В документах Наташи Максимовой не всегда было написано «пол – женский». В апрельском номере «Татлера» мы публикуем историю о ее жизни не в своем теле, смене пола и каминг-ауте в стране, где это слово считается ругательством. Его Наташа совершила осенью, в своем инстаграме. Просто написала: «Здравствуйте, меня зовут Наташа... Оказавшись в детском социуме, я вдруг столкнулась, дико недоумевая, с тем, что далеко не все дети, как, впрочем и взрослые, были готовы согласиться, что я – именно Наташа. Для них я была тем, кем была записана казенным почерком в метрике». К посту прилагались черно-белые фотографии из семейного альбома: симпатичный мальчуган с грустными глазами Малыша из «Карлсона» в окружении любящих родителей.
Мы публикуем отрывок из текста Ксении Соловьевой о том, как этот мальчуган прошел тернистый путь до музы российских дизайнеров и богини Шестнадцатого арондисмана.

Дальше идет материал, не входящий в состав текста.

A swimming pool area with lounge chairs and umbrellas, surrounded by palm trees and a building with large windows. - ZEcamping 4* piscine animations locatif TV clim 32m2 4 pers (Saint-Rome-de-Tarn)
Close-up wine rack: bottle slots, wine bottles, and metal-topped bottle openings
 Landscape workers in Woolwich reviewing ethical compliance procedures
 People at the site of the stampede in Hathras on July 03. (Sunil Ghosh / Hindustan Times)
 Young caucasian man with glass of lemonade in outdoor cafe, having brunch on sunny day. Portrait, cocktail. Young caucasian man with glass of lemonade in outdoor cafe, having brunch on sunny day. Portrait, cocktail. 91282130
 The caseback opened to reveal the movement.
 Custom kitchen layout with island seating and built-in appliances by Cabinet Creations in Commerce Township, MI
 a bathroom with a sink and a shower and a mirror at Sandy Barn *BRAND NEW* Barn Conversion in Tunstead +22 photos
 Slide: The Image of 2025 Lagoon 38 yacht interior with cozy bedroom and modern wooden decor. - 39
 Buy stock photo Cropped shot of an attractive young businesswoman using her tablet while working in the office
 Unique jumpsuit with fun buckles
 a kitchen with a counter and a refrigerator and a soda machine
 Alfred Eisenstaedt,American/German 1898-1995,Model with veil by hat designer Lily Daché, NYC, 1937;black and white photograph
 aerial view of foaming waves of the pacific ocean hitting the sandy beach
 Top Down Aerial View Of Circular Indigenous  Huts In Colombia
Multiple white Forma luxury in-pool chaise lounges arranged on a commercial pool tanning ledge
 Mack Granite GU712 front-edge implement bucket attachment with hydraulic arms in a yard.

Я не помню, когда увидела ее впервые. Вероятно, на показе Dior на Красной площади летом 2013-го, когда там еще можно было устраивать что-то кроме катков. Наташа пришла в черном платье-сетке Givenchy Couture, которое лишь чудом скрывало то, при виде чего Красная площадь зарделась бы окончательно. А может, я увидела ее в Париже, в компании Ренаты Литвиновой – они дружили много лет, а долго рядом с Ренатой Муратовной может находиться только настоящая богиня. Я знала о Наташе немного. Вроде бы родилась в Казахстане, но живет на два города – Париж и Москву. Синхронно переводит с английского и французского. Одевается в большие, модные марки. С блестящим чувством юмора. Я слышала, что она помогает Летиции Крайе, в те времена отвечавшей в Chanel за аксессуары (в телефоне у Миши Друяна Максимова до сих пор записана как «Наташа Шанель»). Еще Наташа любила танцевать с Виталием Козаком и Андреем Артёмовым, но у нее всегда были грустные глаза Джин Сиберг.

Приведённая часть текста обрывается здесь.